The last error message was generated using the latest version and the following code.

    local_demo = True if TARGET != "android" else False
    if local_demo:
        remote = rpc.LocalSession()
    else:
        tracker_host = os.environ.get("TVM_TRACKER_HOST", "192.168.1.103")
        tracker_port = int(os.environ.get("TVM_TRACKER_PORT", 9196))
        key = "huawei"
        tracker = rpc.connect_tracker(tracker_host, tracker_port)

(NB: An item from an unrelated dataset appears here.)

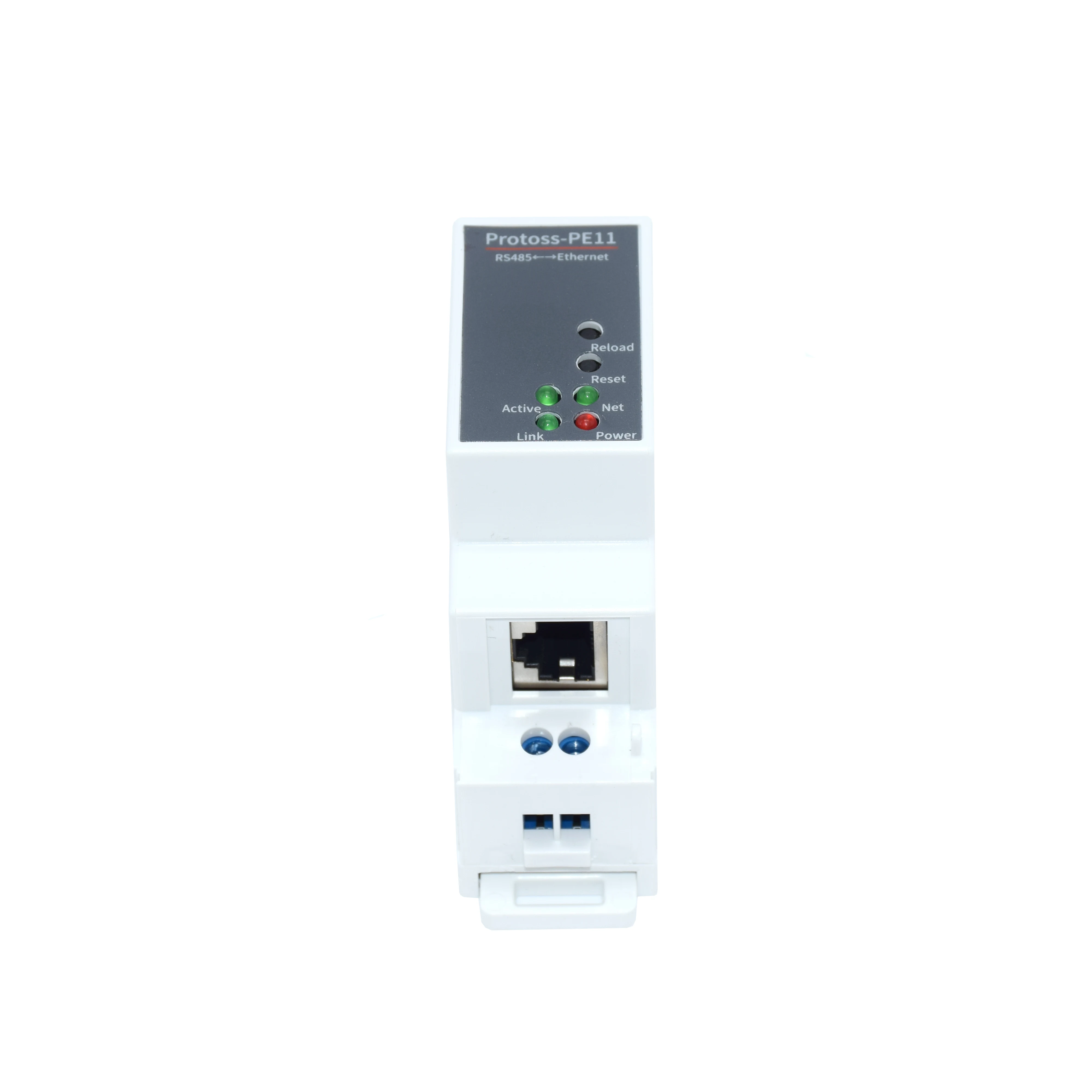 DIN-Rail Serial Port RS485 to Ethernet Converter IOT Device Server Protoss-PE11 Support Modbus TCP to RTU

        # When running a heavy model, we should increase the `session_timeout`
        remote = tracker.request(key, priority=0, session_timeout=1000)
    weights = {}
    ctx = remote.cpu(0) if TARGET != "cuda" else remote.gpu(0)
    MB = 0
    from functools import reduce
    byte = lambda x: reduce(lambda a, b: a * b, x) / 1e6
    for _ in range(100):
        tmp = tvm.nd.array(np.random.uniform(size=(30522, 7680)).astype(np.float32), ctx)
        MB += byte((30522, 7680)) * 4
        print(tmp.shape)
        print("MB:", MB)
    exit()

I cannot allocate a single array with the above code.